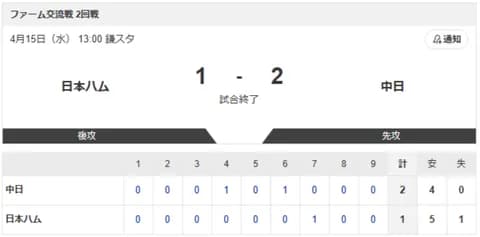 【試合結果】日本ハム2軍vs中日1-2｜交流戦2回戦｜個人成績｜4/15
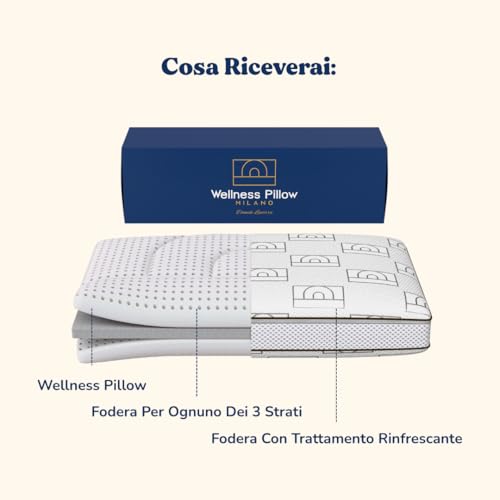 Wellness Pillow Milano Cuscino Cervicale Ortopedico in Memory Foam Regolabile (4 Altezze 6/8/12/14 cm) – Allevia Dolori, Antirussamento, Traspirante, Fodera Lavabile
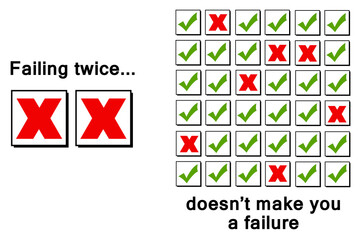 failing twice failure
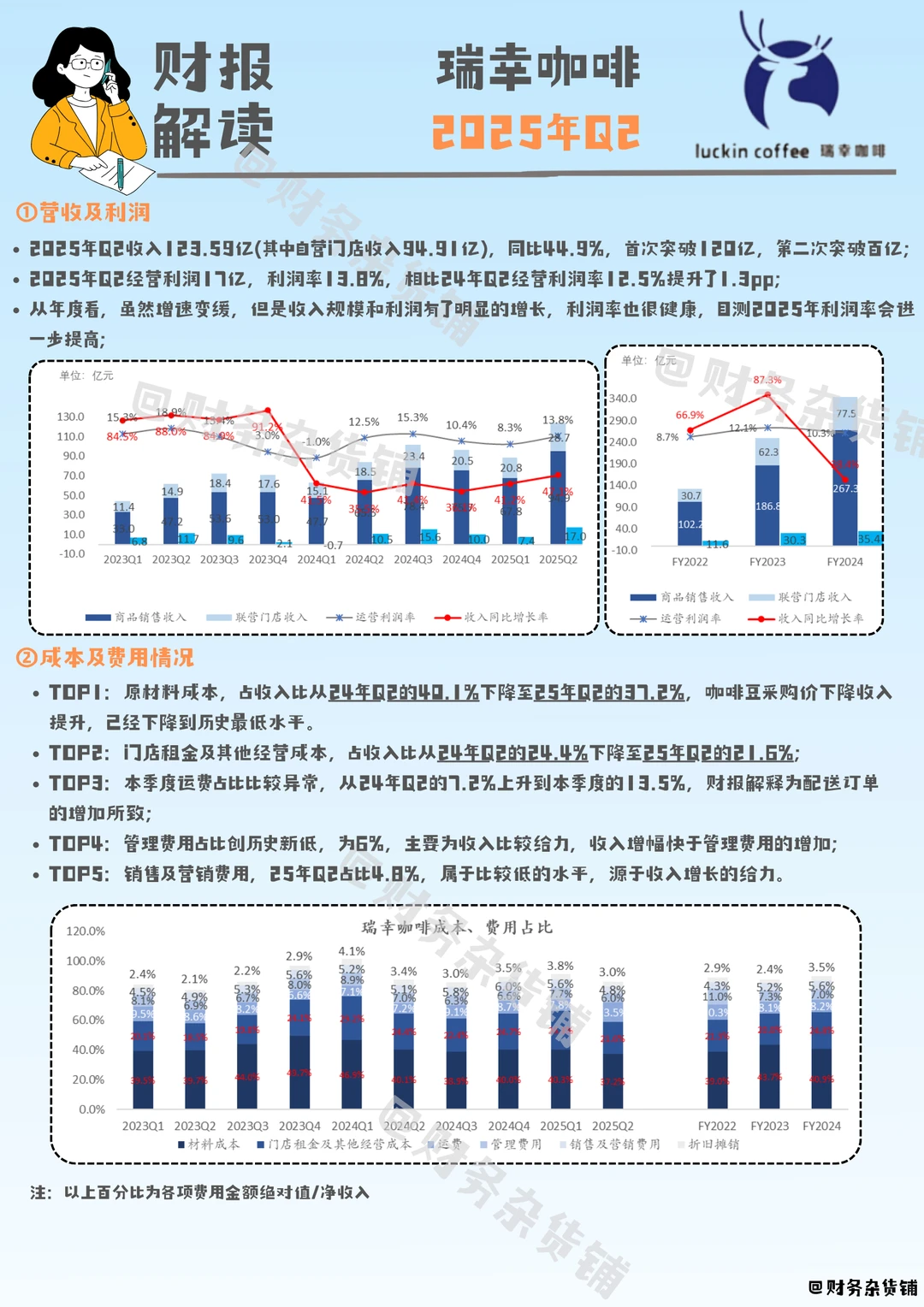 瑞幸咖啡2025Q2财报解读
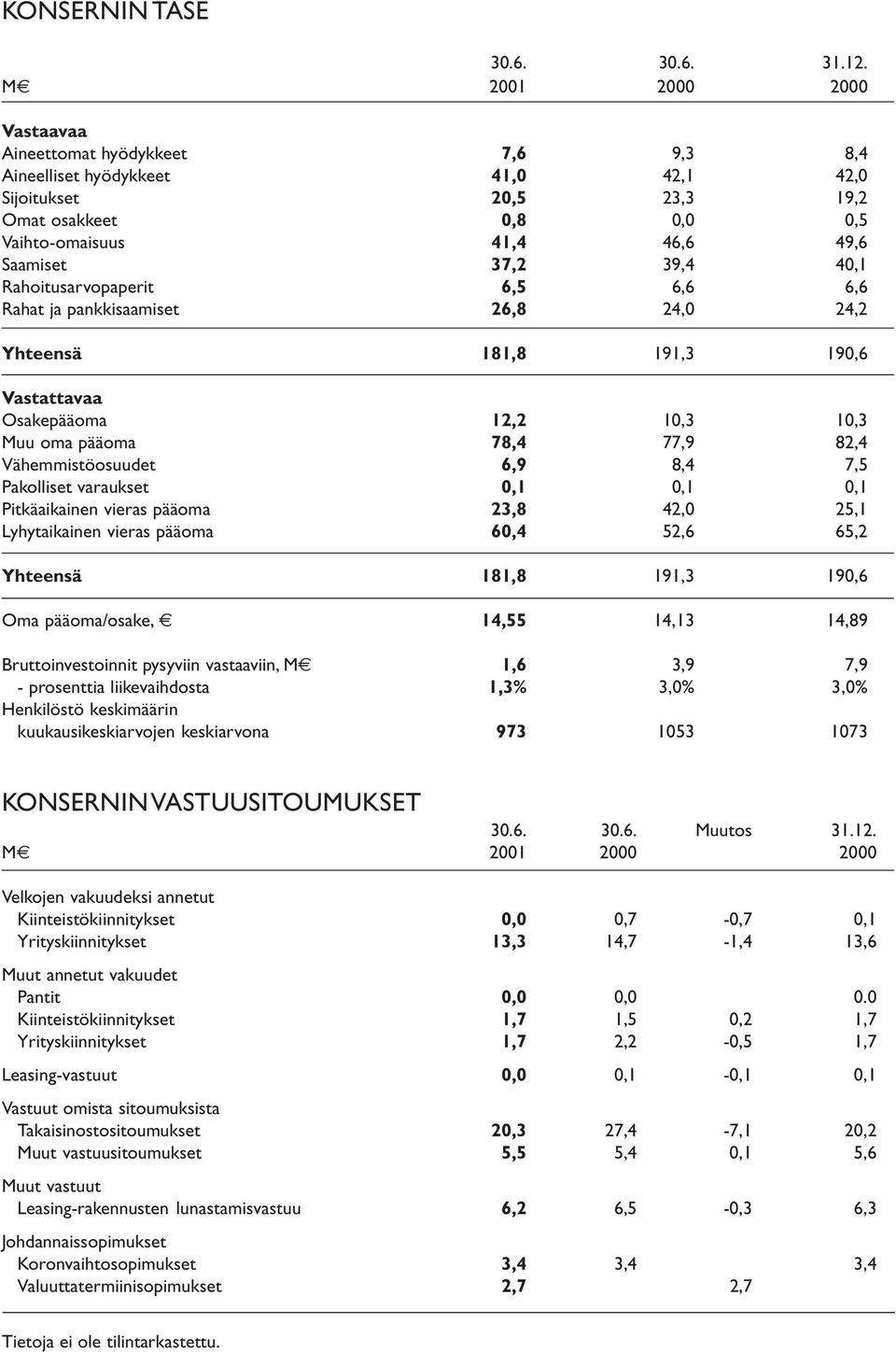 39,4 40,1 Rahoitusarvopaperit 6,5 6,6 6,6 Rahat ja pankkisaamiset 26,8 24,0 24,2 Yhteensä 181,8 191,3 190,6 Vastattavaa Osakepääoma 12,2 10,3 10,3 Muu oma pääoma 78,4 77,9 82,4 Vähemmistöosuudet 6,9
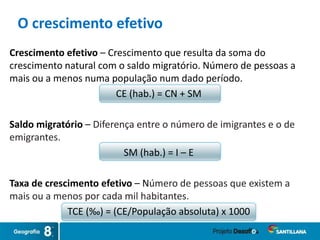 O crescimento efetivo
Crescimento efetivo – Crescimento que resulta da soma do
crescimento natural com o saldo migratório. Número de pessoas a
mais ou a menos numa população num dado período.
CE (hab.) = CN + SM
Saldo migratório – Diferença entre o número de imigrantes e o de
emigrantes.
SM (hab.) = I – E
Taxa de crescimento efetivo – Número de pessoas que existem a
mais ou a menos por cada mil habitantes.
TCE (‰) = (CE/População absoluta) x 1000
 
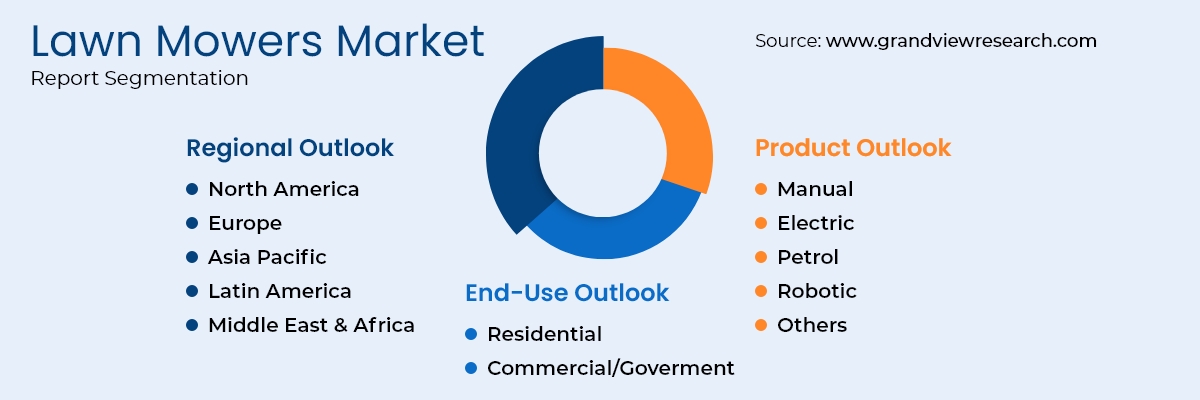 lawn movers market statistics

* * *

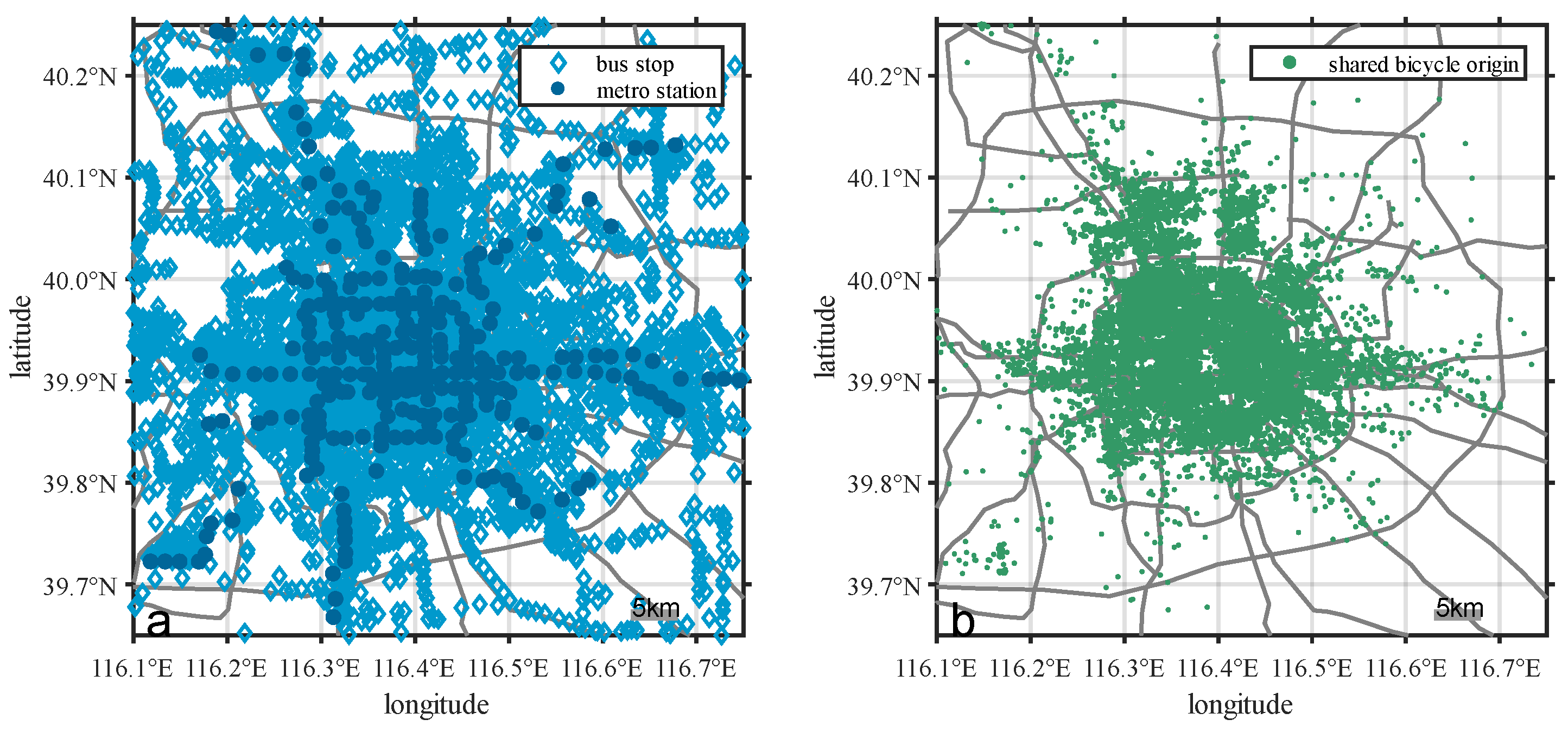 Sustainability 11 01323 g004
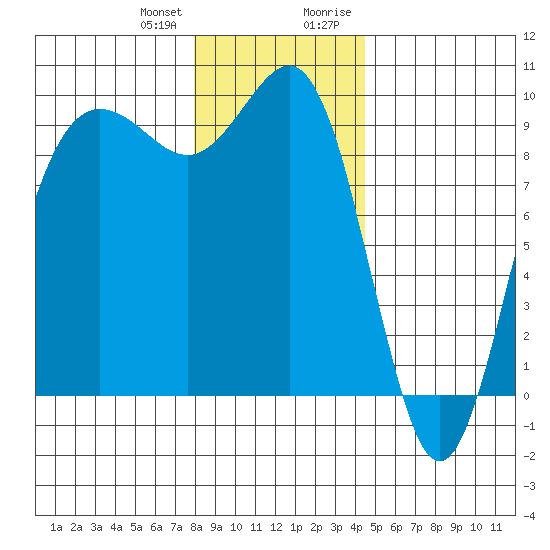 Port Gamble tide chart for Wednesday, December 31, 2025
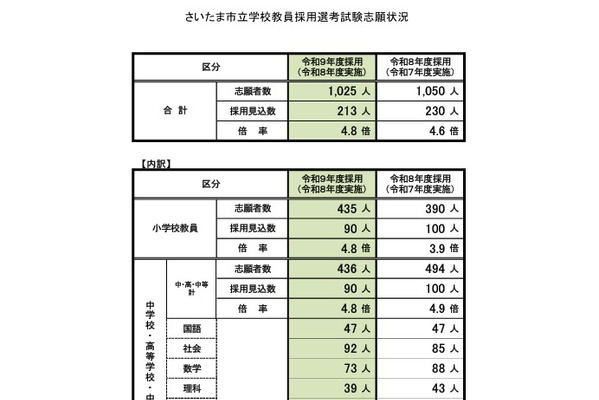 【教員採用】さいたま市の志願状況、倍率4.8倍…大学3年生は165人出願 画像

* [Task details] Every line holding the word "pessoas" should be copied out of the records above.

* [Answer to the exercise]
crescimento natural com o saldo migratório. Número de pessoas a
Taxa de crescimento efetivo – Número de pessoas que existem a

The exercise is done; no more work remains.